CONCLUSION: The developed HPTLC method therefore guarantees its application in quality control of commercialized herbal drugs and formulations containing sakuranetin.

Introduction

Exploring novel and effective naturally derived antioxidants of nutritional values for human health has been a major goal for herbalists. The genus, Rhus (Anacardiaceae) commonly known as ‘sumac’ is comprised of 250 flowering plant species distributed in the temperate and tropical regions, worldwide (USDA 2007). Traditionally, several species of Rhus have been used for their medicinal purposes by indigenous cultures (Van Wyk & Wink 2004). Of these, Rhus glabra L. (smooth sumac) (Anacardiaceae) has been used in the treatment of bacterial infection like syphilis, gonorrhea, dysentery, and gangrene by North American people (Erichsen-Brown 1989). Other species, Rhus coriaria L. (tanner’s sumac) is commonly used as spice and wound healing herb in the Mediterranean and Middle East regions (Sezik et al. 1991). Moreover, maximum research dedicated to Rhus extracts has shown their antioxidant potential that warrants for further evaluations of its other species and commercialization.

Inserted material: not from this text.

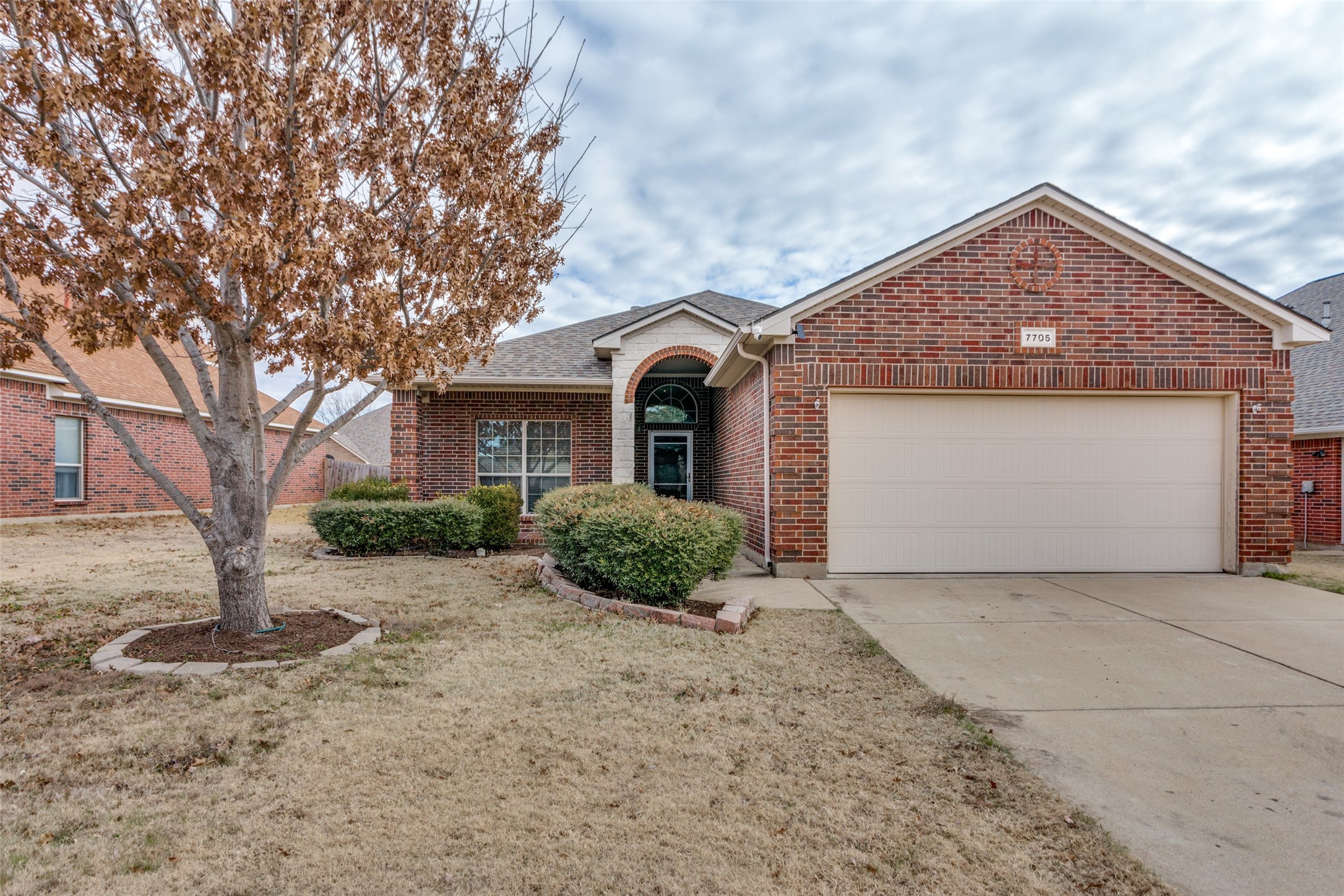 7705 White Fawn Road Arlington TX 76002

The ethanol extract of Rhus verniciflua Stokes was reported to exhibit strong antioxidant properties against reactive oxygen species wherein its aqueous fraction protected against thymocyte apoptosis, attributed to antioxidant flavonoid contents (butein, quercitin, fustin and sulfuretin) (Lee et al. 2001). In addition, fustin and sulfuretin were found in Rhus copallina, Rhus typhina (Young 1976) and R. glabra (Keppler 1957; Yasue & Kato 1957) which had suggested their potential antioxidant properties. The ethanol extract of R. verniciflua wood was found superior to BHA and α-tocopherol in its antioxidative action (Park et al. 2002). The alcoholic extract of fruits and leaves of R. coriaria is used in stabilization of peanut oil due to its high antioxidant properties (Ozcan 2003a, 2003b). Rhus tripartita is mainly found in North Africa (Tackholm 1974) and widely used in food and traditional medicine (Wu et al. 2013). It has been extensively used in the treatment of several ailments including diarrhea, inflammatory diseases, diabetes, sexual disease, fever, pain and various cancers (Lev & Amar 2002; Giancarlo et al. 2006; Kossah et al. 2010; Lee et al. 2010). Furthermore, several flavonoid phytoconstituents with mild antimalarial activity have been also reported in Rhus retinorrhoea (Ahmed et al. 2001).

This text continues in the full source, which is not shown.